Max has been in my life since 1980. That is, WOW, more than forty years. And it is unlikely that we would have stayed connected through this time. When we met, I was a mid-twenties, newly-married young woman in a staff position at a university. He was working on his master's degree. He later moved to the east coast, married, raised a family, and ran a prestigious non-profit in the arts. My marriage continued then took a sudden, direct turn down a rabbit hole. Throughout the 40+, we mostly stayed in contact. And now we are on the downside of life, and an event, like the death of David Crosby, an icon of our generation, makes us reach out.
And it makes me think about connection and the loss of connection we often experience in life. There is no concrete reason Max and I should have stayed in touch. Mutual interest? Some gossamer fiber of something undefinable yet binding? On my end, the relationship feels like this weird blending of friend, soulmate, compatriot. Maybe the connection is an odd, once-in-a-lifetime, what might have been, always valued to be in each other's lives, no matter what, thing. I don't question. It is what it is.
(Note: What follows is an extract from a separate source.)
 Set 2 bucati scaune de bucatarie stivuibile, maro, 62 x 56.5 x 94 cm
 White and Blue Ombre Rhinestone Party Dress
And so, as we think and email about David Crosby, I am reminded of someone else from the past who couldn't similarly stick; an old boyfriend of some significance who I had reached out to in a desperately confounding time of my life. This is always risky, but it actually was a good thing. We shared our perspective of our own breakup, what was currently happening in our lives, and our mutual desire to stay in touch. But inexplicably, that connection ended up to be transient.
I was not a huge David Crosby fan, but as these icons leave us we are reminded of their music in our time. And of the people who shared the time, and later time, with us. David, the ex, and I shared a lot together and some of it was not so stellar. We were in college together, and at one point planned a lifetime together. When we talked about that, all those decades later, his comment was: That never would have worked. And he was right. But somehow, I thought our later connection would. I thought so, until it didn't, and when I raised my confusion about this loss with Max he explained it to me, simply and succinctly: His wife is not that into you.
I do wish I still had David (not Crosby, but the other one) in my life. We came of age together and the experience is imprinted on my psyche, if not his. But... We learn to accept where people are in their lives and experiences. And how they might succumb to the pressures of other, more integral relationships in their lives. I am simply and truly grateful for Max and for our connection which enables us to email about David Crosby and Jeff Beck. Was JB in Cream? I asked. And we shared our love of the Cream song, Badge. Somewhere, somewhere, the ex, David, is maybe also thinking about Jeff Beck and David Crosby. Maybe he too is emailing about the loss. Just not with me. And, truly, if God forbid I had to choose, I would always choose to have Max in my life. When I email him, I am 99. A reference we share which is owed to the beloved Mel Brooks' TV show, Get Smart. If that connection went away, I would be devastated. With the loss of the other, I was wounded, and confused. But the loss of our 99 and Max connection? I would not be consoled by Sorry about that, Chief.
PS You have to know Get Smart to get that last sentence. For more about the series, read Lisa Lutz' Spellman books. You will thank me. And you must trust me about this.